In a recent post, Mindy McAdams of Teaching Online Journalism discusses the skills graduating journalists must have. I thought a mention was appropriate because one of my students, Jessica Schriendl, has a blog with The Joplin Globe in which she discusses the state of the industry and the appropriateness (or not) of government assistance for newspapers.
Thank goodness this list includes skills we have been stressing or are starting to stress at The Chart and in my Comm 111 Newswriting class at Missouri Southern State University.
The skills:
- Evidence of blogging and interaction with a wide range of blogs
- An understanding and active use of social media (Twitter, RSS, social bookmarking etc.)
- The ability to tell an engaging story using still images and audio (audio slideshow)
- Ability to shoot, edit and tell stories using video
- Basic ability to create interactive story elements using Adobe Flash
- Ability edit audio and produce podcasts
- Ability to file from the field breaking news
- Ability to moderate online discussion
(From Renee Barnes, a radio journalist in Australia who also teaches online journalism there. Posted on her blog News Frontier)
June 8, 2009 at 2:57 am
Okay TR, I agree with you, we need to know how to do all of these things. But who can do all these things in a day at a newspaper job and still have a life? I’m not criticizing you or Mindy McAdams for this post or idea, but you can’t do all of these things in a reasonable amount of time and still produce that pesky daily newspaper that still accounts for 95 percent of your revenue. At a small newspaper like ours, the reporter has to write three stories a day and shoot and process photos. In that case, when do I have time to create a slide show or even post an audio. Newspapers have to get reasonable about what they want from their reporters. If a newspaper wants all these cool new things on its Web site, it has to provide the bodies to produce these things and still put out that darned daily newspaper that, oh, by the way, still pays for the toys and people to produce all these neat new kinds of media.

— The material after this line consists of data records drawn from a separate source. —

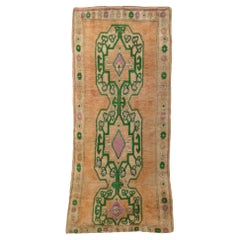 Apricot and Emerald Midcentury Boujad Rug 4' xx 8'10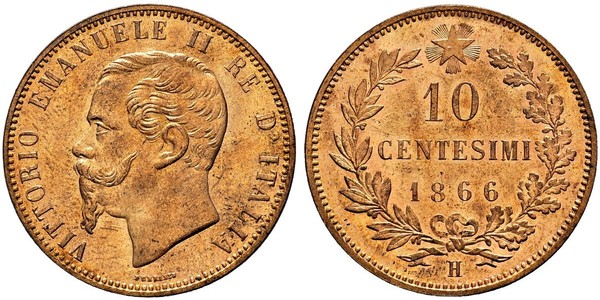 10 Centesimo Kingdom of Italy (1861-1946) Rame Victor Emmanuel II of Italy (1820 - 1878)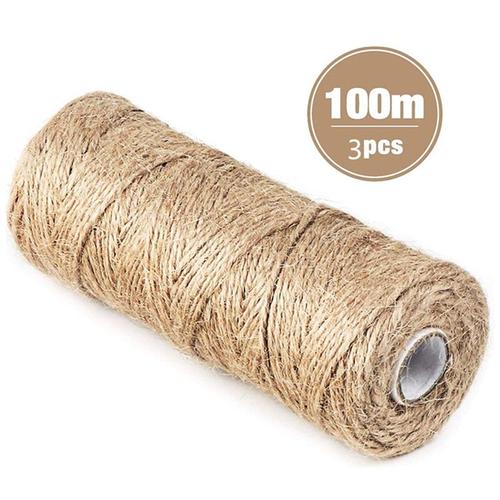 La Cordeline Ficelle Jute Naturel Ø2mm ±100m Pour Le Jardinage, Bricolage, Activités Manuelles 100mx3pcs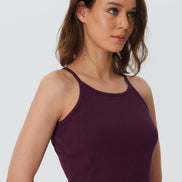 Organic Ribbed Crop Top with Spaghetti Straps: Women's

One last question, when is a newspaper going to require the same multi-tasking of its advertising sales staff?????
June 8, 2009 at 7:57 pm
BTW, you need to work on your free speech skills. Comments don’t have to have our approval before they appear on Idiococracy Now.
June 8, 2009 at 9:09 pm
OK, John. Two comments.
1. The item is about the skills graduating journalists must have, not about what every paper can or should do. That is a whole ‘nother debate.
2. That is real nice of you on Idiocracy Now. But I am one to err on the side of caution here. I think as more and more media outlets go online, libel law will start to treat comments like letters to the editor in the print product. Right now, Section 230 of the Communications Decency Act says that “no provider or user of an interactive computer service” is to be treated as the publisher of information provided by someone else. But I think that is going to be an area of law that develops further.